## [TASK PROMPT]
Before printing, remove every picture; then print the lines below exactly, from the first line through the line containing "5 Free Garden Mulch Sources".

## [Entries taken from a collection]

+++++

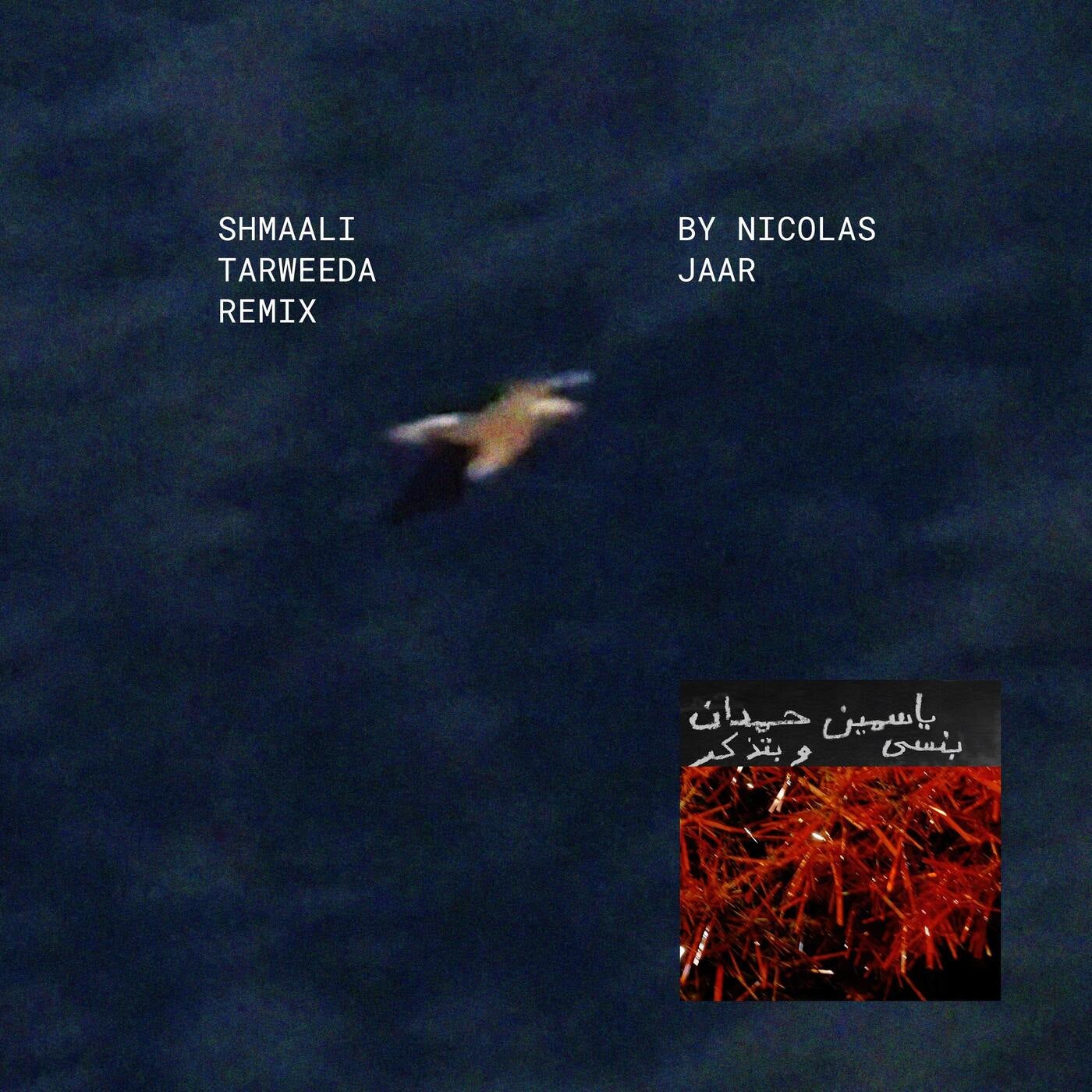 Shmaali ????? Tarweeda (Nicolas Jaar Remix)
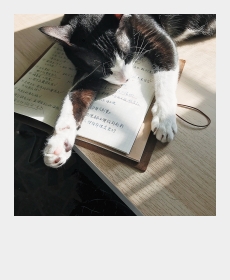 Cat on my TN :)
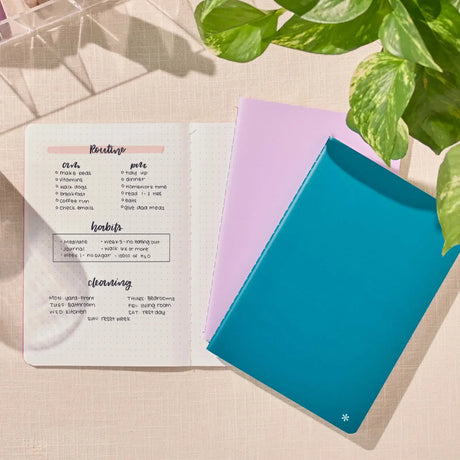 Erin Condren Petite Journal: Dot grid pages with handwritten notes beside coloured journals
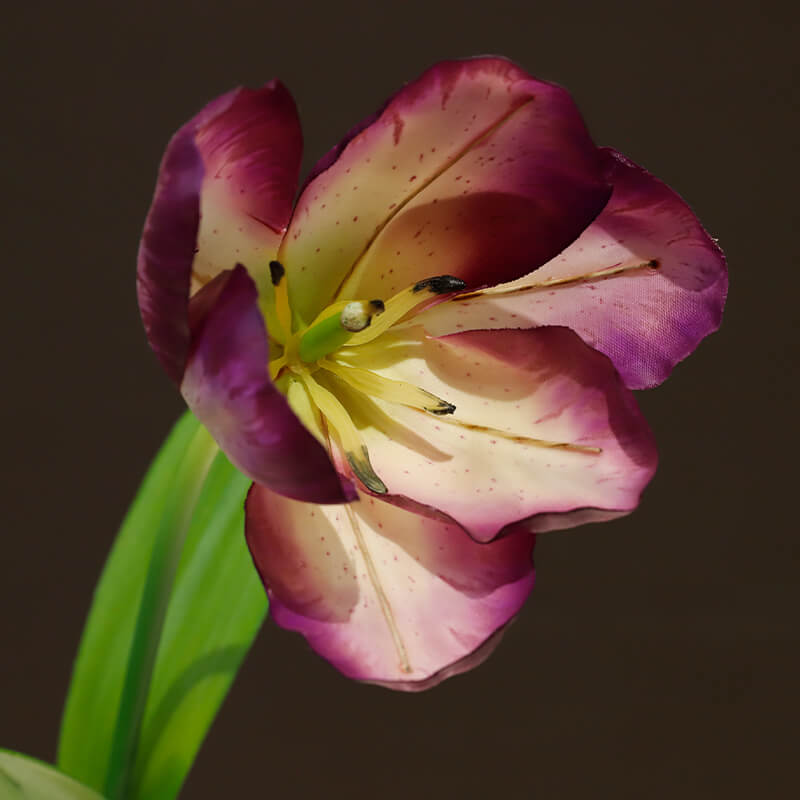 Silk Flame Flower Tulip Set of 6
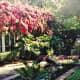 Bougainvilleas cascading over a portion of the Thomas Edison home in Florida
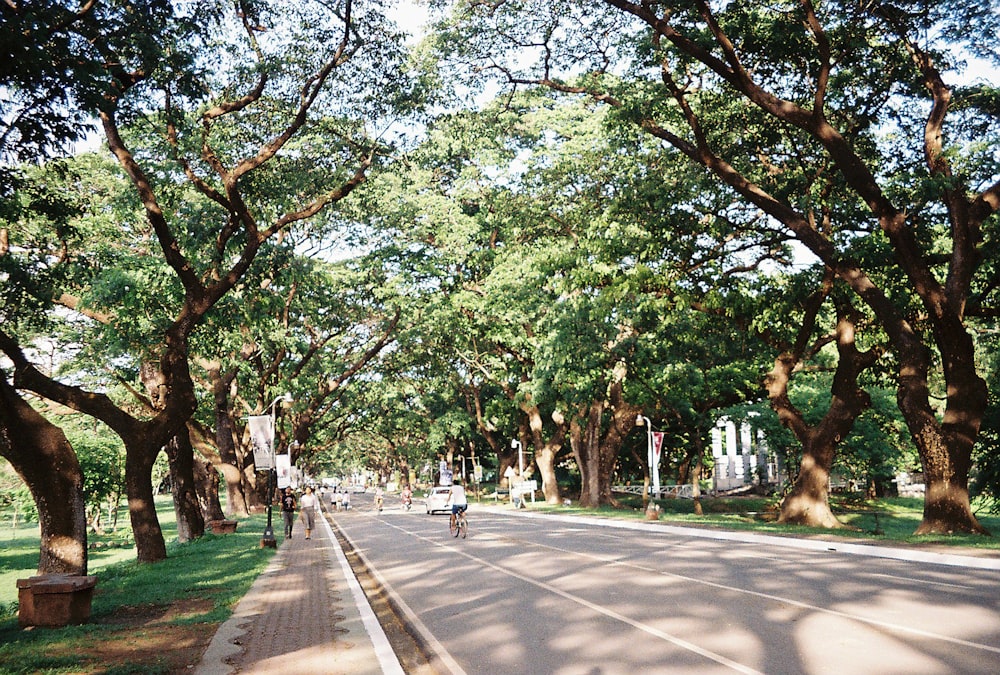 people walking on sidewalk near trees during daytime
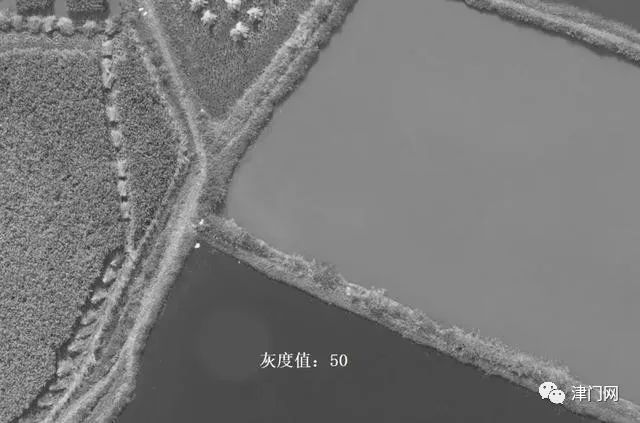 ps曲線調(diào)色如何用單獨(dú)圖層_ps中曲線調(diào)整的作用_ps怎么只對一個圖層調(diào)曲線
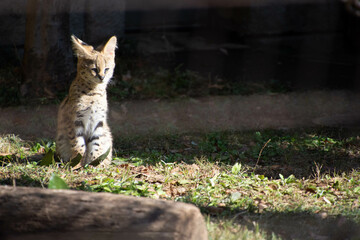 サーバルのこども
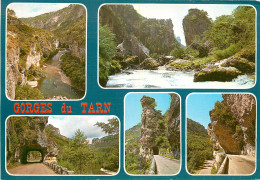 48 GORGES DU TARN MULTIVUES - Gorges Du Tarn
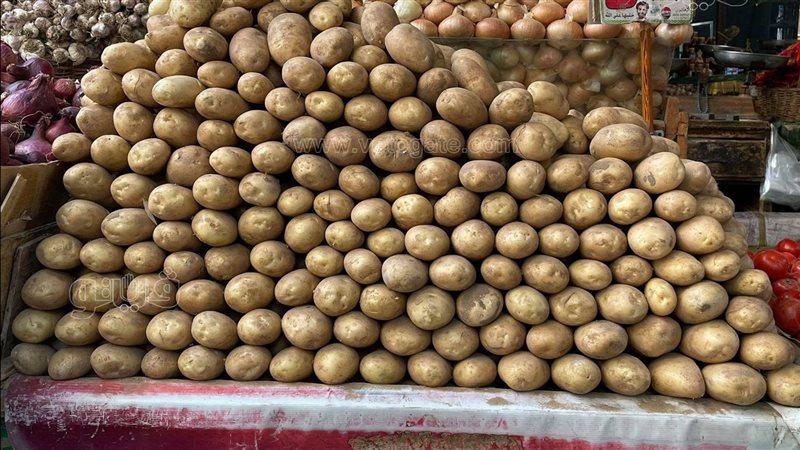 ارتفاع أسعار البطاطس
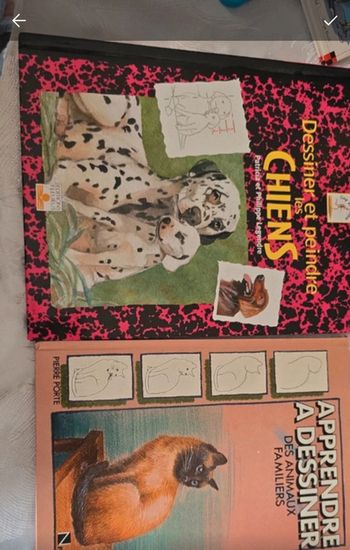 Lot 2 livres apprendre à dessiner #orianabllivre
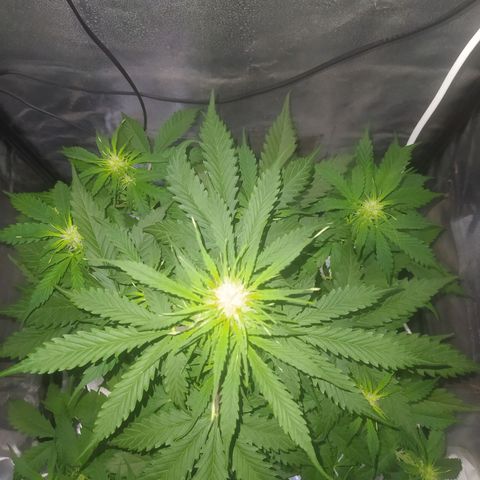 AutoBlueberry #1 growlog timeline photo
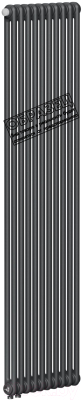 Радиатор стальной Rifar Tubog 2180-08-D1 (нижнее подключение, антрацит)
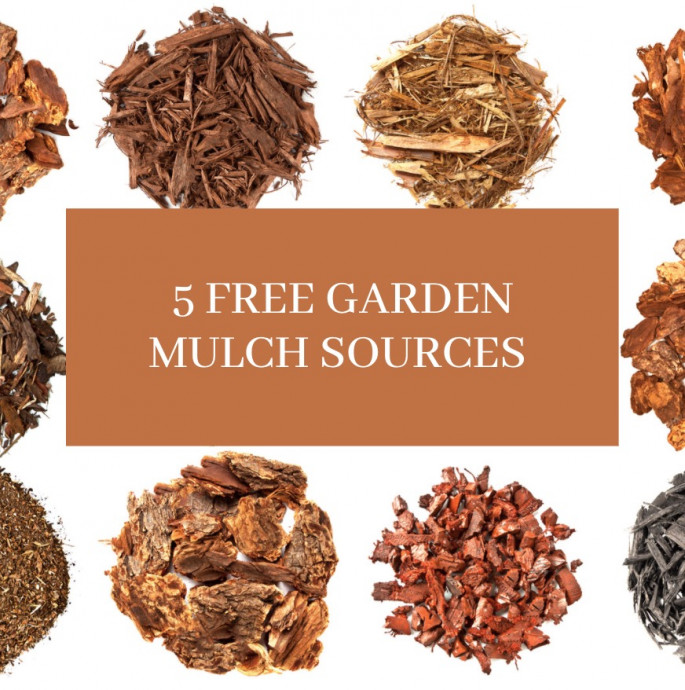 5 Free Garden Mulch Sources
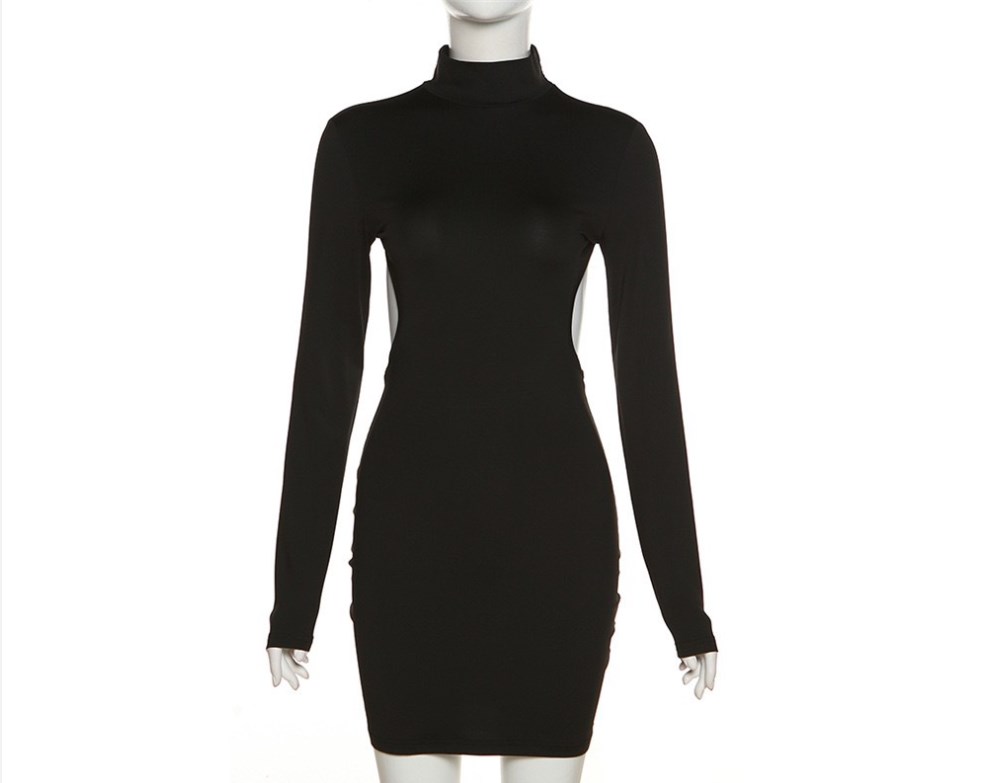Elegant Long Sleeve Dress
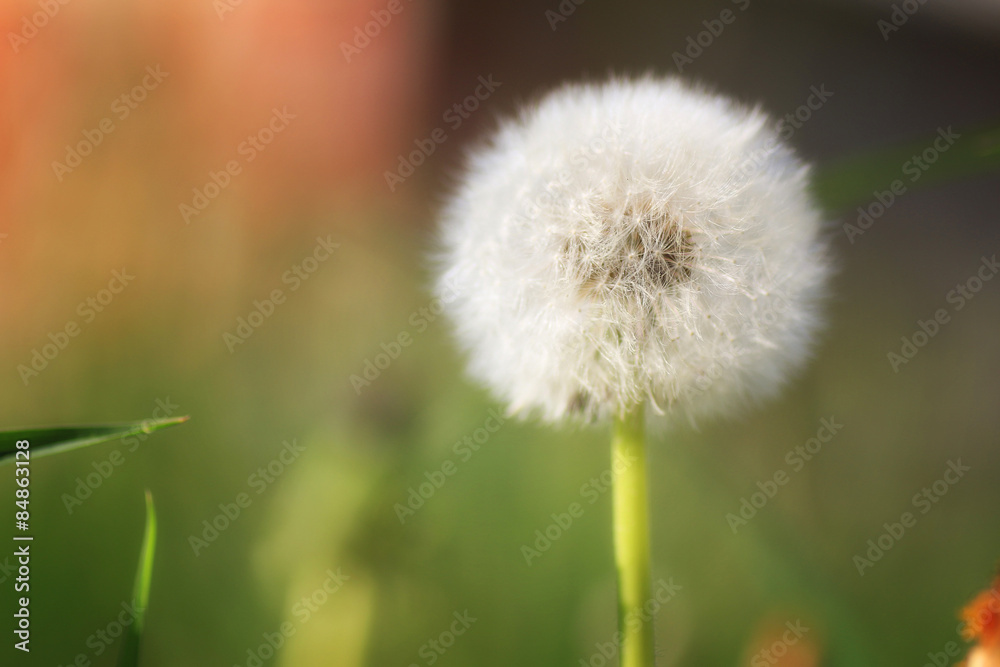 Naklejka premium dandelion close-up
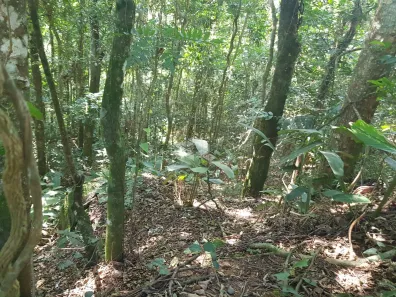 Lote/Terreno à venda, 1850m² no Luiz Fagundes, Mairiporã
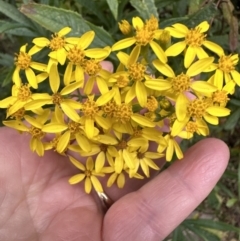 Senecio linearifolius at Beaumont, NSW - 22 Jun 2023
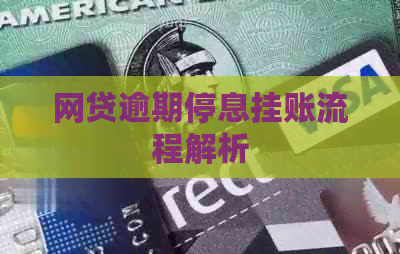 网贷逾期停息挂账流程解析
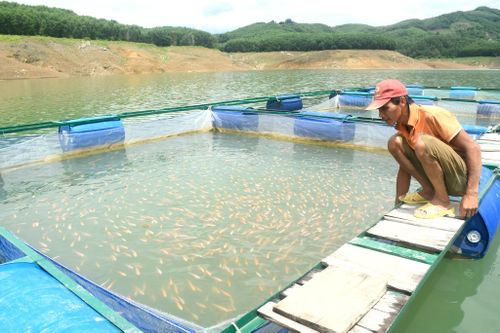 Ông Phạm Hữu Quốc bên lồng bè nuôi cá điêu hồng. Ảnh: QUANG VIỆT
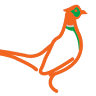 Ringneck Haven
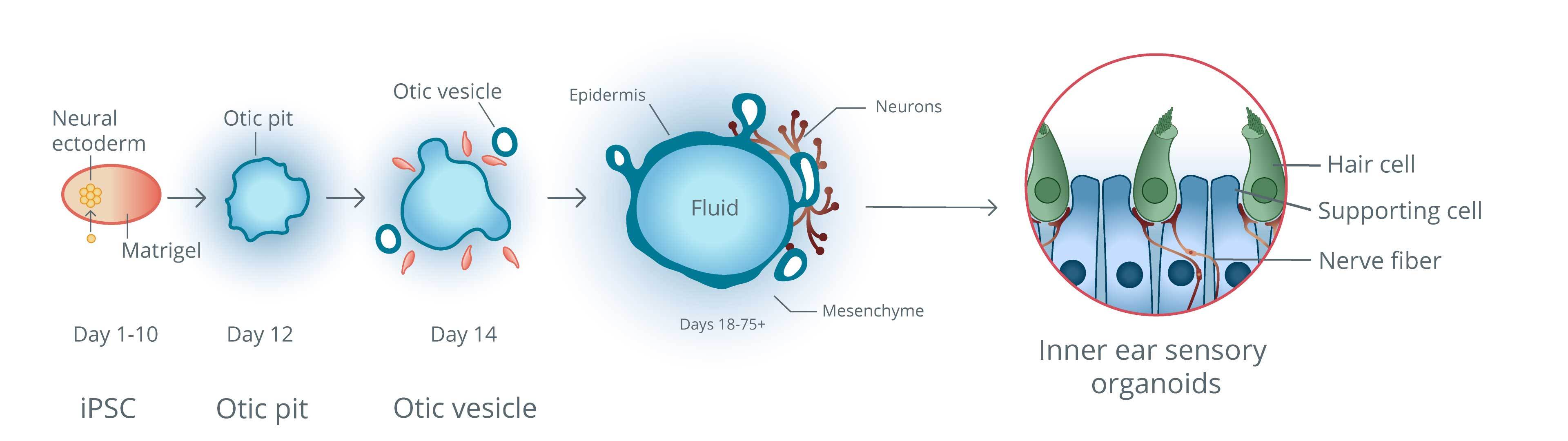 ispc-graphics-desktop-v2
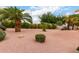 Expansive backyard with desert landscaping, including gravel, mature trees, and green shrubbery at 5536 E Gable Ave, Mesa, AZ 85206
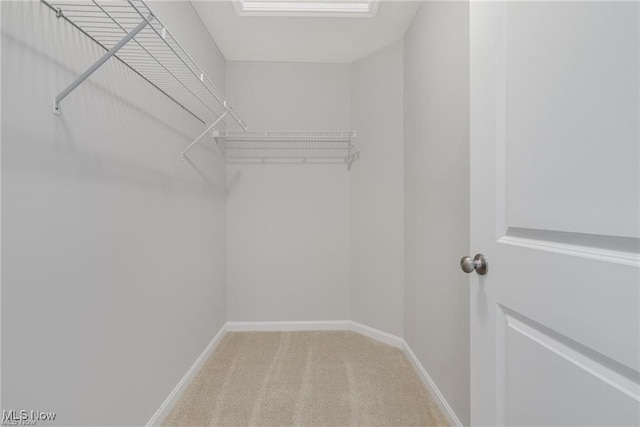 spacious closet featuring carpet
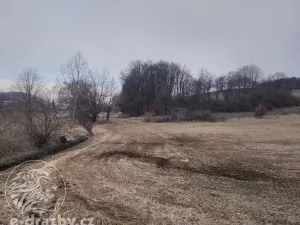 Dražba rybníku, Všepadly, 81215 m2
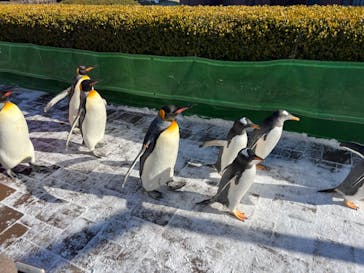 登別マリンパークニクスに投稿された画像（2023/12/22）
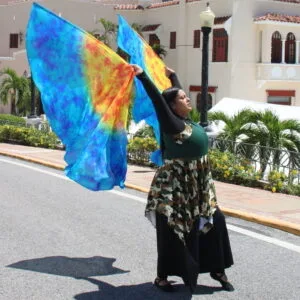 Worship Wings Flex Flags (Sections)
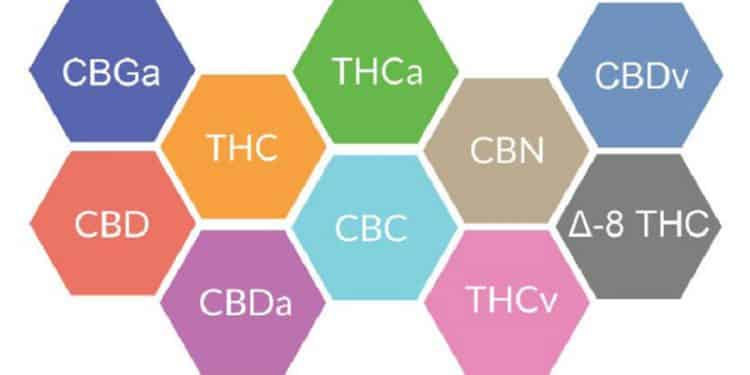 CBD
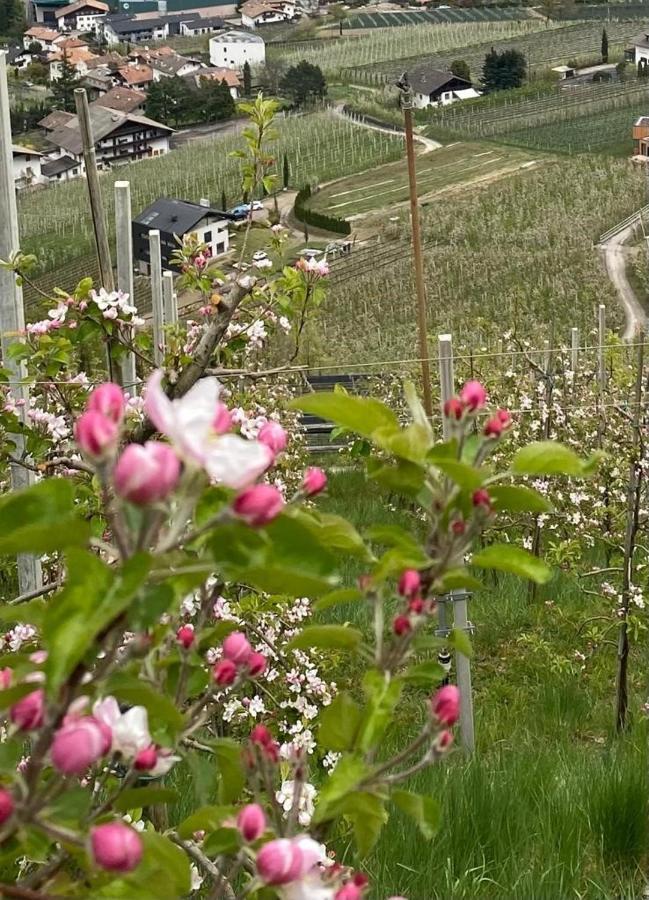 Weingut Bachguetl Apartment Cermes Exterior photo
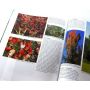 EPUISEMAPLES FOR GARDEN C.J.VAN GELDEREN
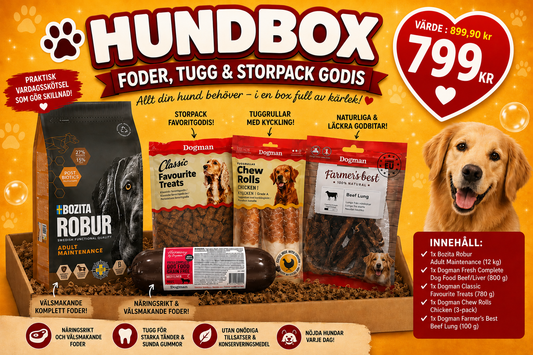 Hundbox: Foder, Tugg & Storpack Godis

+++++

## [ANSWER FOR THE TASK]
 Shmaali ????? Tarweeda (Nicolas Jaar Remix)
 Cat on my TN :)
 Erin Condren Petite Journal: Dot grid pages with handwritten notes beside coloured journals
 Silk Flame Flower Tulip Set of 6
 Bougainvilleas cascading over a portion of the Thomas Edison home in Florida
 people walking on sidewalk near trees during daytime
 ps曲線調(diào)色如何用單獨(dú)圖層_ps中曲線調(diào)整的作用_ps怎么只對一個圖層調(diào)曲線
 サーバルのこども
 48 GORGES DU TARN MULTIVUES - Gorges Du Tarn
 ارتفاع أسعار البطاطس
 Lot 2 livres apprendre à dessiner #orianabllivre
 AutoBlueberry #1 growlog timeline photo
 Радиатор стальной Rifar Tubog 2180-08-D1 (нижнее подключение, антрацит)
 5 Free Garden Mulch Sources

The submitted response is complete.